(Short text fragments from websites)
=-=-=
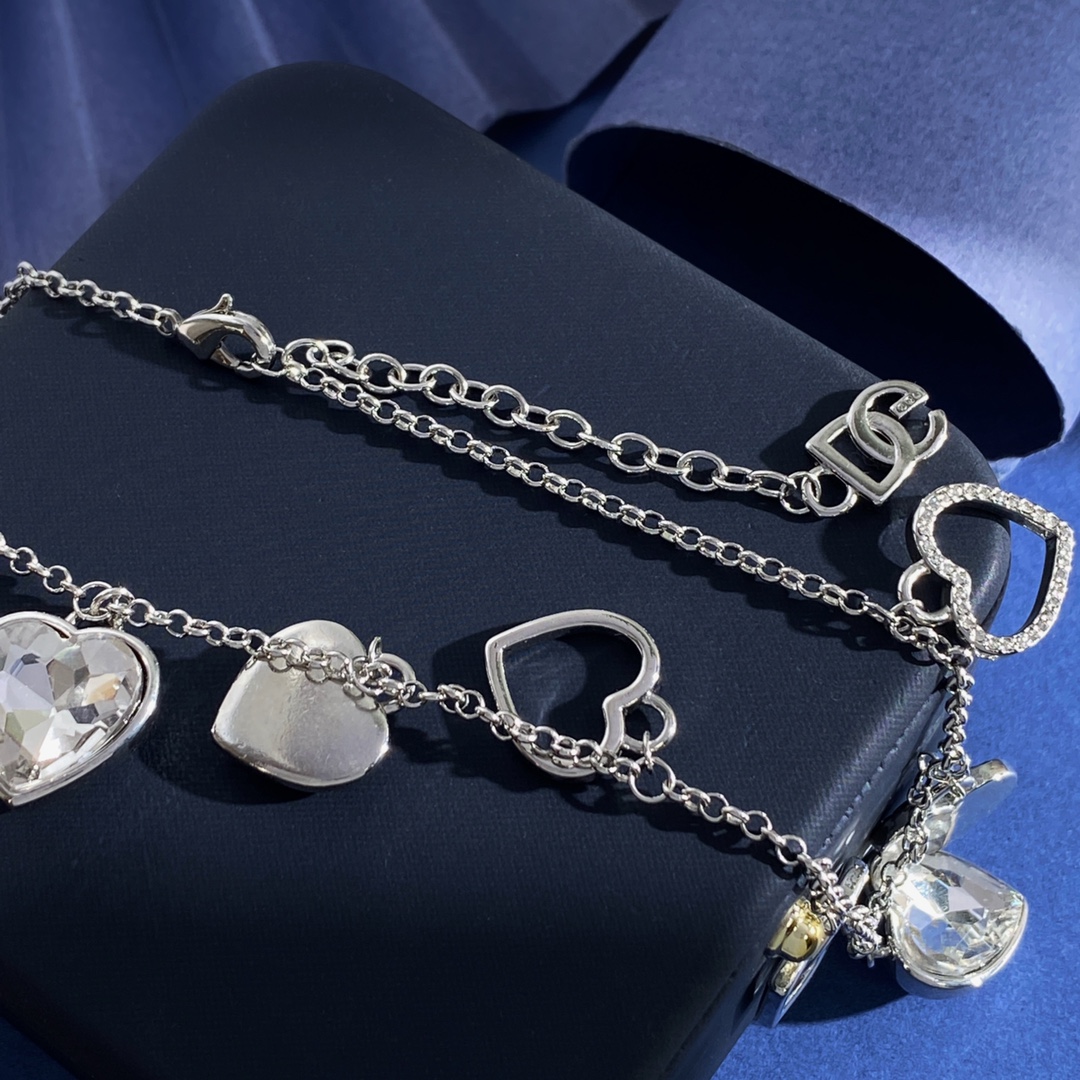 ❤️125包邮/原单代购级别
杜嘉班纳D&G欧美大牌范儿金属光面DG字母黑色滴油桃心镶白钻爱心形镶钻多元素流苏吊坠复古做旧项链 黄铜材料 项链重约41.9g 项链约长40cm+5.5cm+1.5cm尾牌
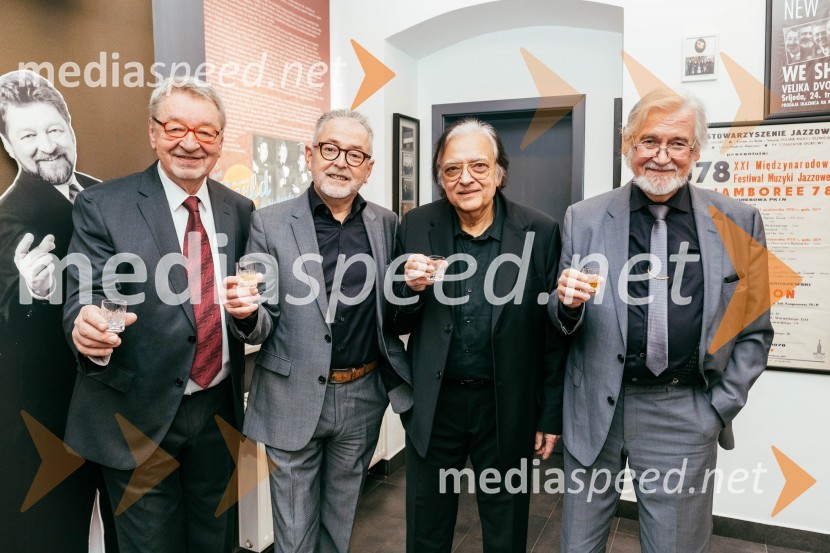  Marjan Petan, glasbenik;  Tomaž Kozlevčar, vokalist;  Oto Pestner, pevec;  Dare Hering, glasbenikOto Pestner in New Swing Quartet 55 let, napoved velike turneje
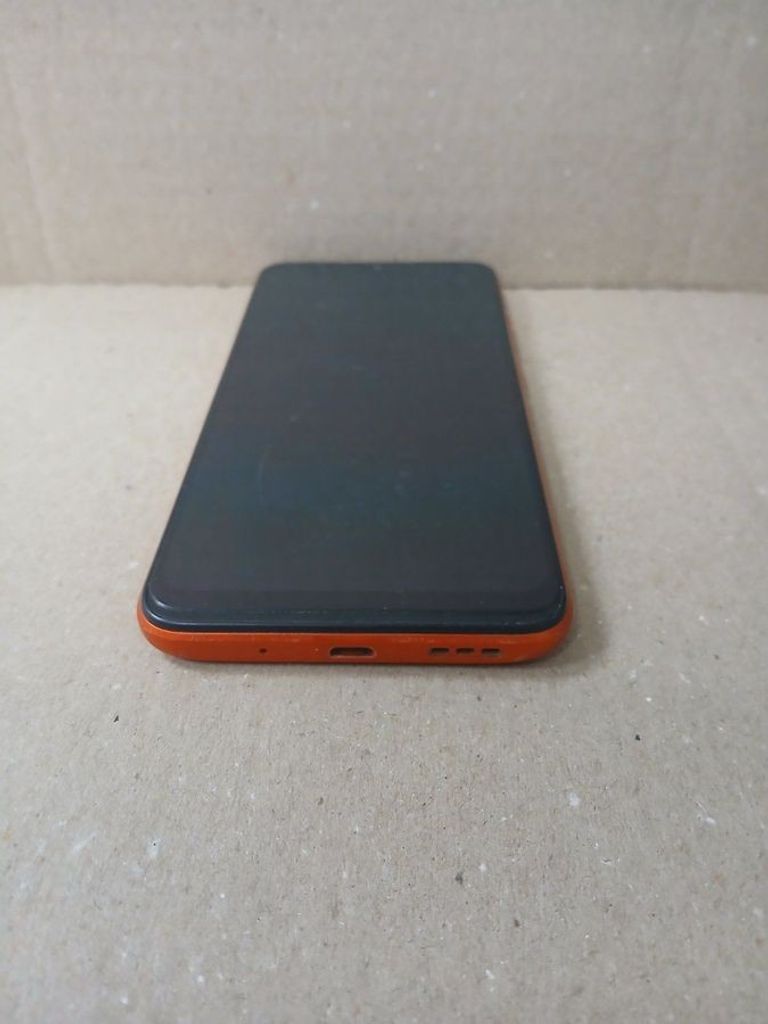 Оголошення Xiaomi Redmi 9C NFC 2/32GB Twilight Blue Б/У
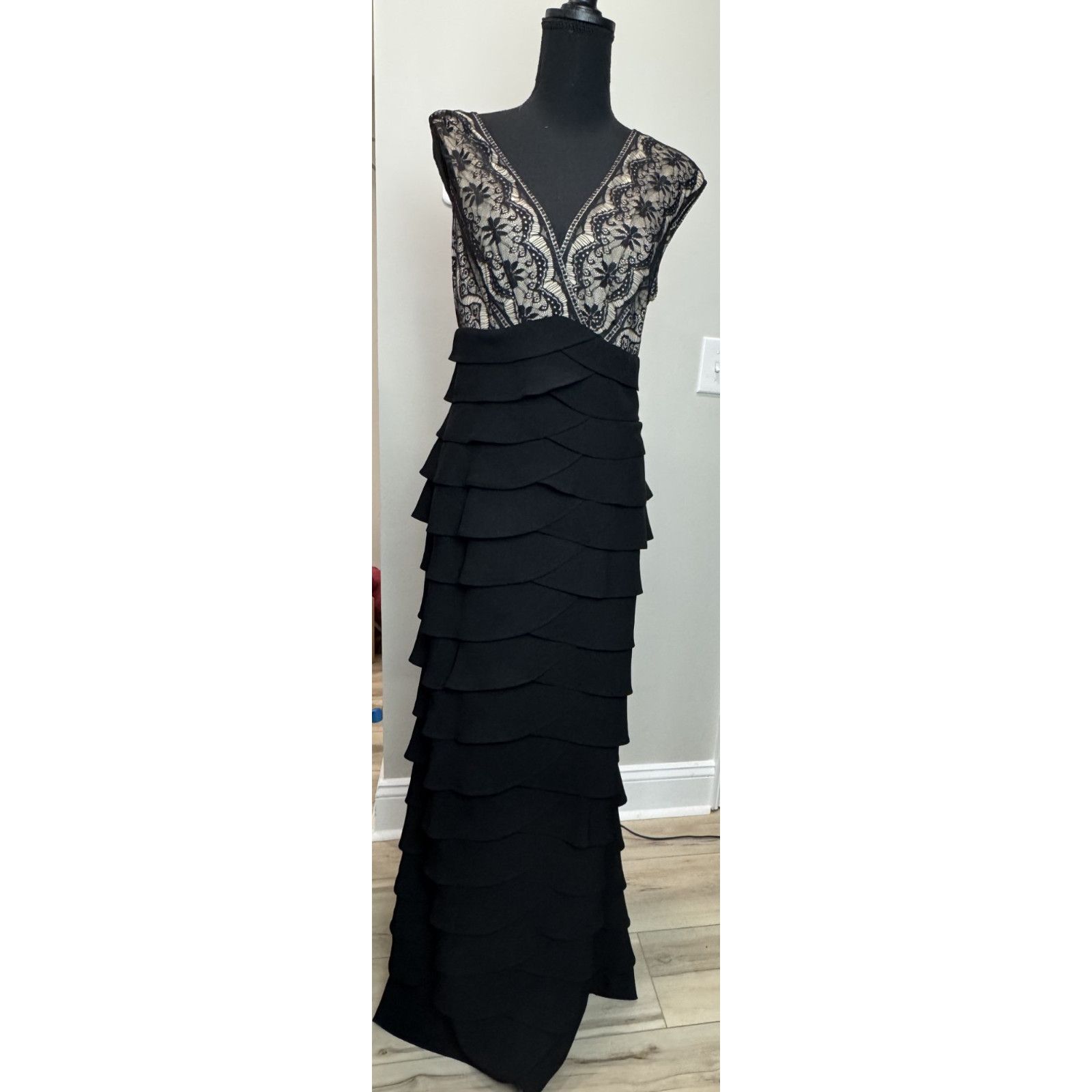 Other Vintage Lace Tiered Gown Jessica Howard Black Formal 12 Size XL / US 12-14 / IT 48-50 - 2 Thumbnail
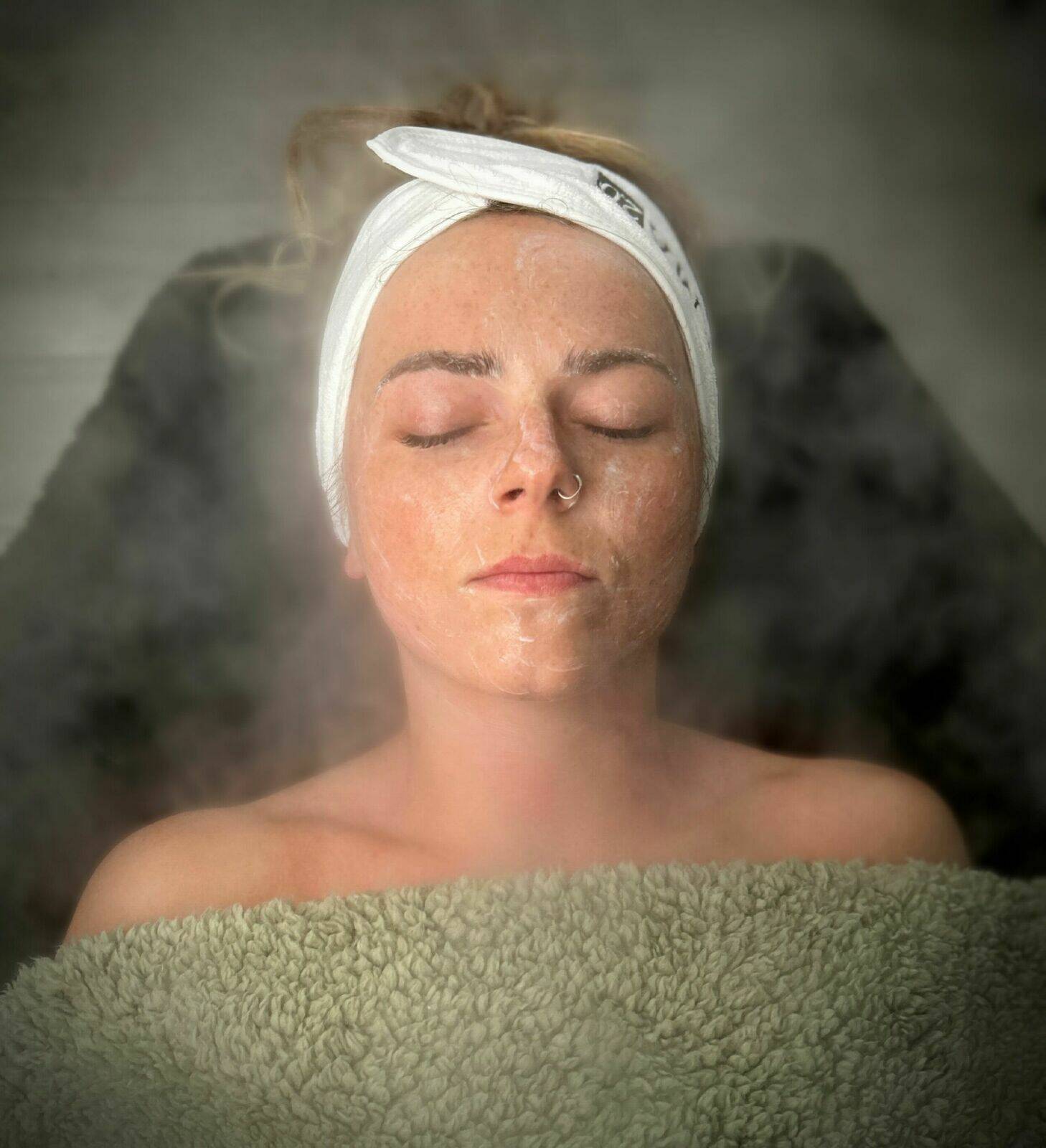 Luxury Dermaplane Facial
=-=-=
> REQUIRED WORK
Would you write out each entry word for word and omit the images?

> EXERCISE ANSWER
 ❤️125包邮/原单代购级别
杜嘉班纳D&G欧美大牌范儿金属光面DG字母黑色滴油桃心镶白钻爱心形镶钻多元素流苏吊坠复古做旧项链 黄铜材料 项链重约41.9g 项链约长40cm+5.5cm+1.5cm尾牌
  Marjan Petan, glasbenik;  Tomaž Kozlevčar, vokalist;  Oto Pestner, pevec;  Dare Hering, glasbenikOto Pestner in New Swing Quartet 55 let, napoved velike turneje
 Оголошення Xiaomi Redmi 9C NFC 2/32GB Twilight Blue Б/У
 Other Vintage Lace Tiered Gown Jessica Howard Black Formal 12 Size XL / US 12-14 / IT 48-50 - 2 Thumbnail
 Luxury Dermaplane Facial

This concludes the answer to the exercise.